At Tonys time, the season's cavalcade of TV and movie stars teaches fresh lessons about when such casting works (Tom Hanks) and when it doesn't (Emilia Clarke).

June 07, 2013|By Charles McNulty, Los Angeles Times Theater Critic
  • Tom Hanks, right, in "Lucky Guy" at Broadhurst Theatre in New York.
Tom Hanks, right, in "Lucky Guy" at Broadhurst Theatre in New… (Joan Marcus )

Another Broadway season, another cavalcade of television and movie stars testing their stage mettle.

Some come to build their acting muscles, others come for the publicity splash, and a select few come because they simply can't stay away. The chance to perform before an audience in a work that is resonant with meaning outweighs all other considerations, including their agents and managers begging them not to take themselves out of the running for a bit part in a preteen franchise film.

Well, the report cards are in and the grades not surprisingly are mixed.

The biggest name — Tom Hanks — fared the best. He has a solid shot at the Tony Award for his performance in Nora Ephron's "Lucky Guy." (The ceremony can be seen Sunday night on CBS.) And though my vote for lead actor in a play would go to Tracy Letts for his pugnacious performance in Pam MacKinnon's clarifying revival of Edward Albee's masterpiece "Who's Afraid of Virginia Woolf?," Hanks impressed as much for his patented charisma as for his ensemble teamwork.


But the days when a Hollywood headliner was practically guaranteed a Tony for deigning to perform on Broadway are over. Bette Midler electrified the critics with her stage presence in the solo play "I'll Eat You Last: A Chat With Sue Mengers" but didn't receive a nomination for the highly competitive lead actress in a play.

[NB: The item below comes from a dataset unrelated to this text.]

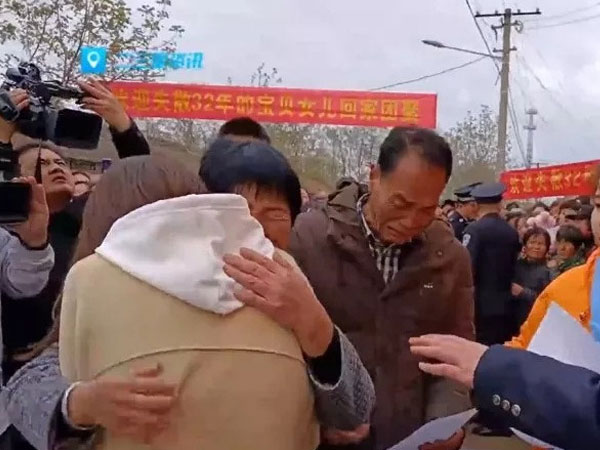 Từng uất hận vì nghĩ bị bố mẹ bán, người phụ nữ biết sự thật sau 3 thập kỷ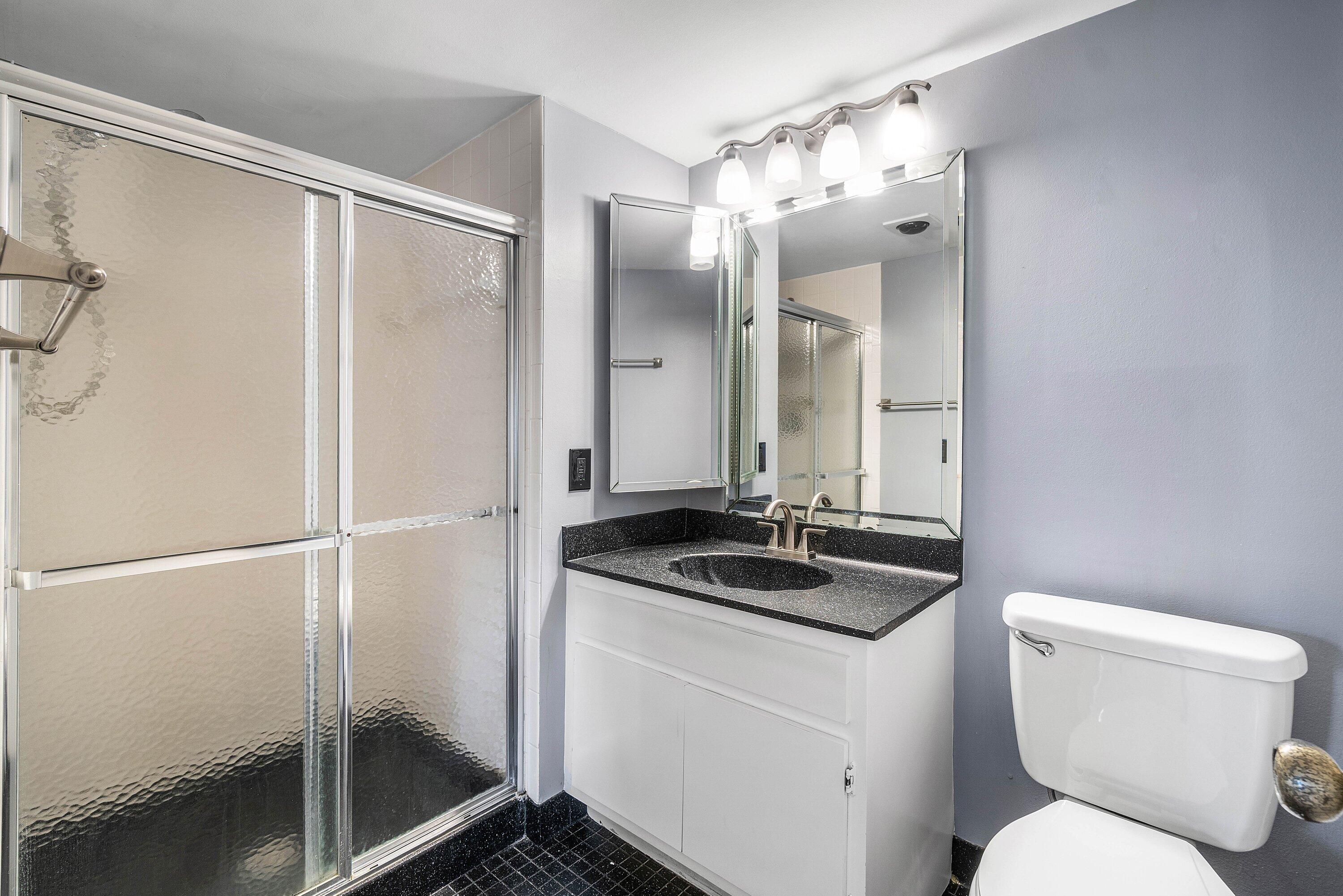 STRATFORD AT HUNTERS RUN CONDO - Residential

Alec Baldwin, a favorite New York son and no stranger to the stage, was the marquee draw of Lyle Kessler's 1983 play, "Orphans." But it was Baldwin's less-heralded costar Tom Sturridge who nabbed a Tony nomination for lead actor — a race that, in addition to Hanks and Letts, includes two beloved Broadway funnymen, Nathan Lane and David Hyde Pierce.

How marvelous to see Cicely Tyson return to the stage after a 30-year absence in the revival of Horton Foote's "The Trip to Bountiful." Tyson deserves to win for lead actress in a play, though Michael Wilson's production was diminished somewhat by the casting of Oscar winner Cuba Gooding Jr., who appeared utterly lost onstage, as though he couldn't understand why the director wasn't shouting "Cut!" during his awkward moments.

Joining Gooding at the bottom of this year's class is Emilia Clarke (of HBO's "Game of Thrones"), whose charmless turn as Holly Golightly in "Breakfast at Tiffany's" had me flipping through my mental almanac to come up with a worse Broadway performance. (I'm still flipping.)

Not quite as bad though not all that much better was two-time Oscar nominee Jessica Chastain ("The Help," "Zero Dark Thirty") in "The Heiress." Miscast as the plain Jane spinster-in-training Catherine Sloper, Chastain made clear through her wooden portrayal just how much more difficult stage acting is than film acting even for a Juilliard graduate.

PHOTOS: Hollywood stars on stage

Katie Holmes can't be blamed for Theresa Rebeck's dead-on-arrival "Dead Accounts." Her loveliness deserved a better sitcom — I mean play — but loveliness only goes so far in the theater. The camera can make a meal out of a fresh face, but a proscenium stage requires more from a performer. The invisible must be expertly wielded.

Beauty is so rewarded in our culture that it can forestall the inner work — the digging for something unexpectedly true — that is at the core of great acting. Clarke, Chastain and Holmes made me fear that the Great White Way could be going the way of network television — a bunch of pretty faces giving expression to shopworn emotions.

Codependent relationship?

Broadway has sadly become dependent on star casting, though misadventures such as Al Pacino's wacko performance in "Glengarry Glen Ross" this season may make audiences a bit more leery of conflating consumer value with celebrity.

Movie stars ought to exercise a bit more caution themselves. Those eager to enhance their theatrical craft might want to consider less high-profile stages. Chastain is a highly regarded film actor, but her interpretation of Catherine Sloper was too tentative to compete with the luminous memory of Cherry Jones' Tony-winning 1995 performance.

Producers might come calling for Clarke, whose sexy-warrior image in HBO's ad campaign for "Game of Thrones" was all over the subway stations when "Breakfast at Tiffany's" opened in the spring. But breeding dragons on cable TV isn't the best preparation for taking on a theatrical role immortalized in the movies by the one and only Audrey Hepburn.